Stored data:
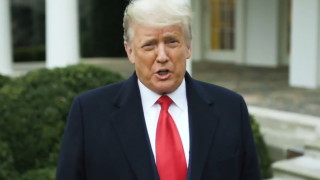 Администрацията на Тръмп обмисля дали да не добави технологичните гиганти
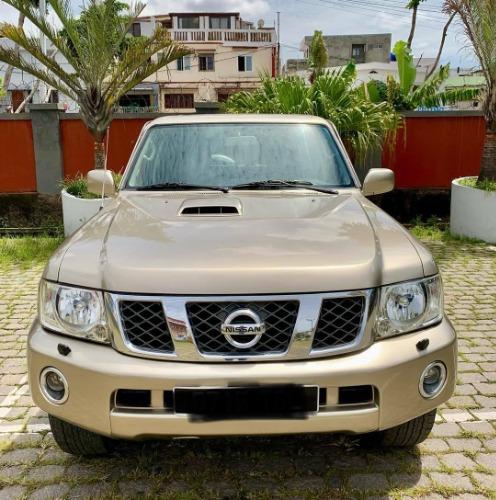 NISSAN PATROL Y61 Phase 3
               À V ...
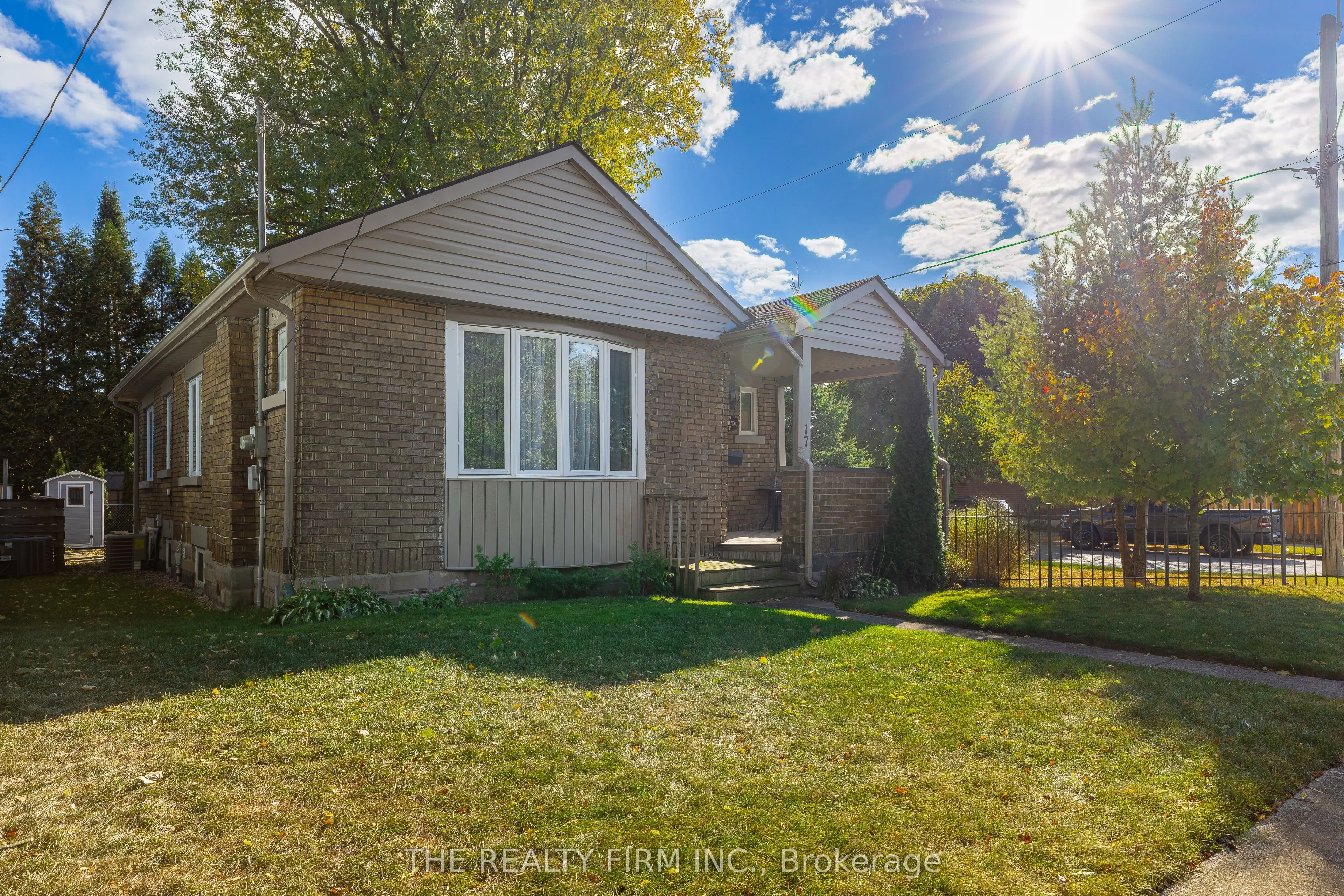 17 Maud Street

Task directions:
Without the pictures, repeat the listing above exactly.

Your solution:
 Администрацията на Тръмп обмисля дали да не добави технологичните гиганти
 NISSAN PATROL Y61 Phase 3
               À V ...
 17 Maud Street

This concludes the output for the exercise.